With Bill Kristol purged from The New York Times op-ed page, David Brooks is the only non-liberal voice regularly given the most precious real estate in newspapering. Brooks is a clever neoconservative but he doesn't fundamentally challenge the Times worldview represented most clearly by Maureen Dowd, Paul Krugman, and Frank Rich.
Politico.com and others have been speculating on whether the Times might allow a tad more ideological diversity by adding a conservative or libertarian columnist in the tradition of William Safire or John Tierney. Politico has floated names such as former Bush speechwriter David Frum, the National Review's Byron York, The Atlantic magazine libertarian Megan McArdle, and Wall Street Journal columnist Peggy Noonan. The New Republic's short list included Charles Krauthammer and Max Boot.

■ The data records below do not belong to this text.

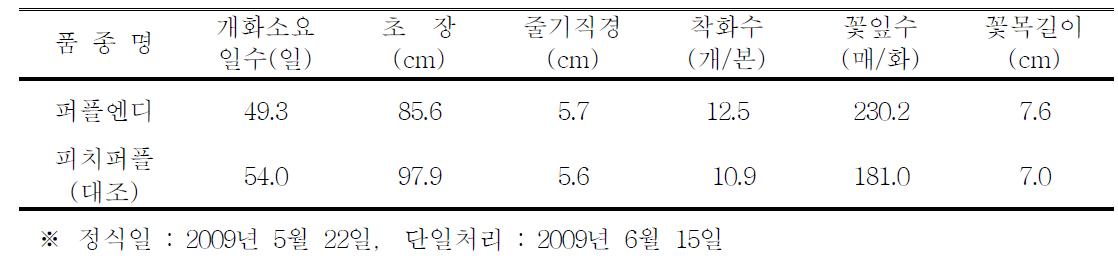 ‘퍼플엔디’ 품종의 촉성재배 특성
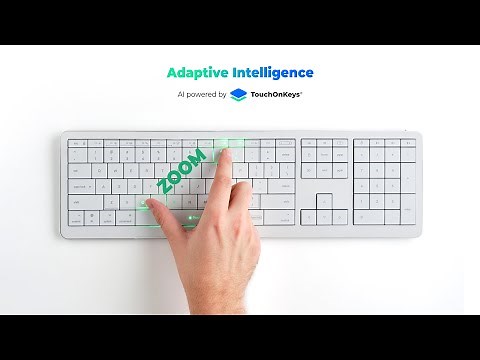 Clevetura CLVX 1 Gesture Tutorial for Mac | Gestures You MUST Know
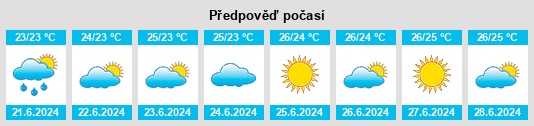 Výhled počasí pro místo Las Casitas na Slunečno.cz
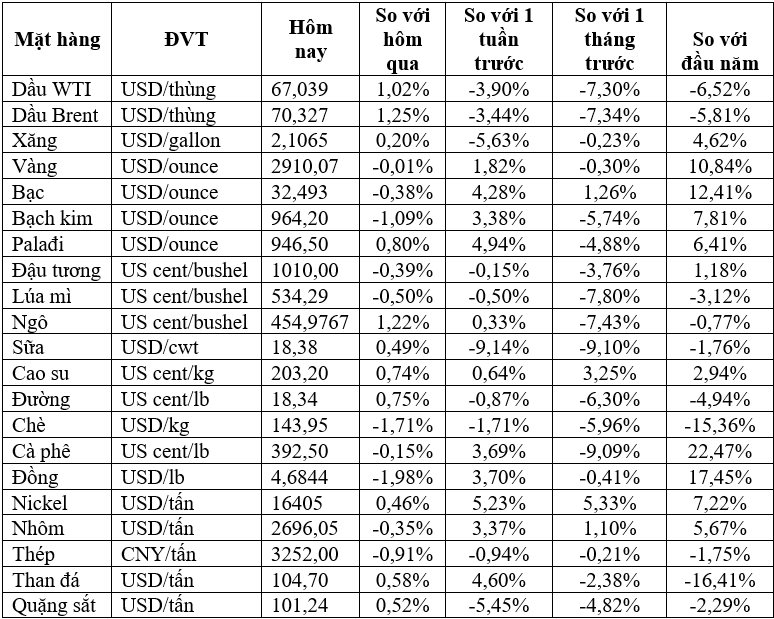 Thị trường ngày 08/03: Giá dầu, quặng sắt tăng trong khi vàng, đồng, cao su giảm- Ảnh 2.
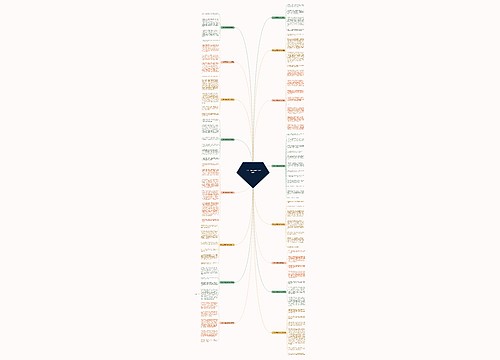 一次拉丁舞活动作文(通用16篇) 一次拉丁舞活动作文(通用16篇)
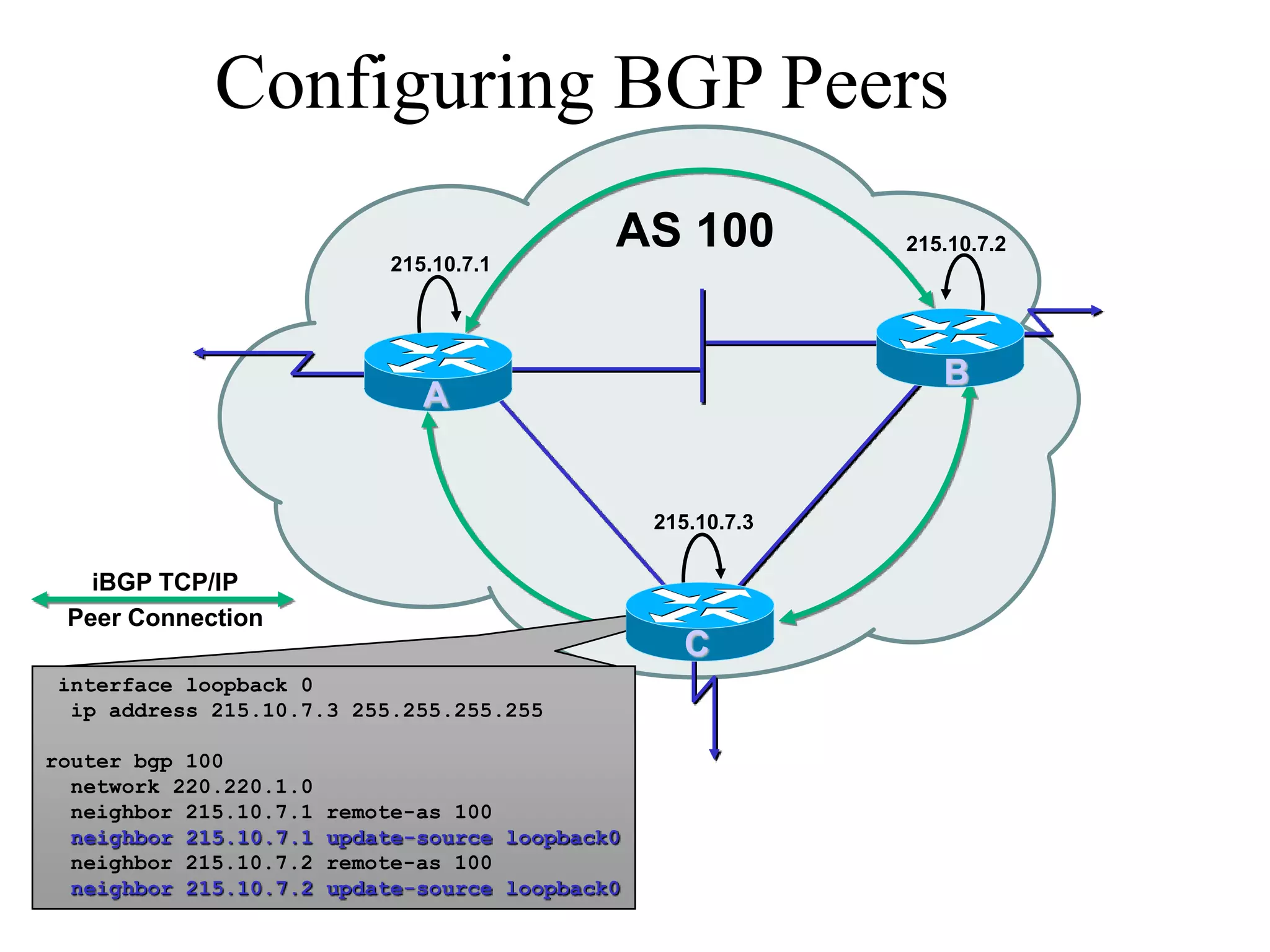 Configuring BGP Peers
AS 100
A
215.10.7.1
215.10.7.2
215.10.7.3
A
B
interface loopback 0
ip address 215.10.7.3 255.255.255.255
router bgp 100
network 220.220.1.0
neighbor 215.10.7.1 remote-as 100
neighbor 215.10.7.1 update-source loopback0
neighbor 215.10.7.2 remote-as 100
neighbor 215.10.7.2 update-source loopback0
C
iBGP TCP/IP
Peer Connection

If the Times wanted real intellectual diversity it would choose an evangelical columnist, but there's no indication of the Times' openness to anyone questioning its secular fundamentalism. In the absence of real alternatives at least we should have fun: I'd like the Times to hold American Idol-like tryouts during which contestants would read-better yet, croon-their columns to a panel of snickering judges.
How about Dowd as Paula, Rich as Dawg, and-of course-Krugman as Simon? Viewership might not go higher than C-SPAN levels, so don't expect the Times, which has mortgaged its building, to do anything beyond sticking to its knitting for a while. The mighty are falling fast, and journalists are already speculating about how much time the Times has before it goes bankrupt.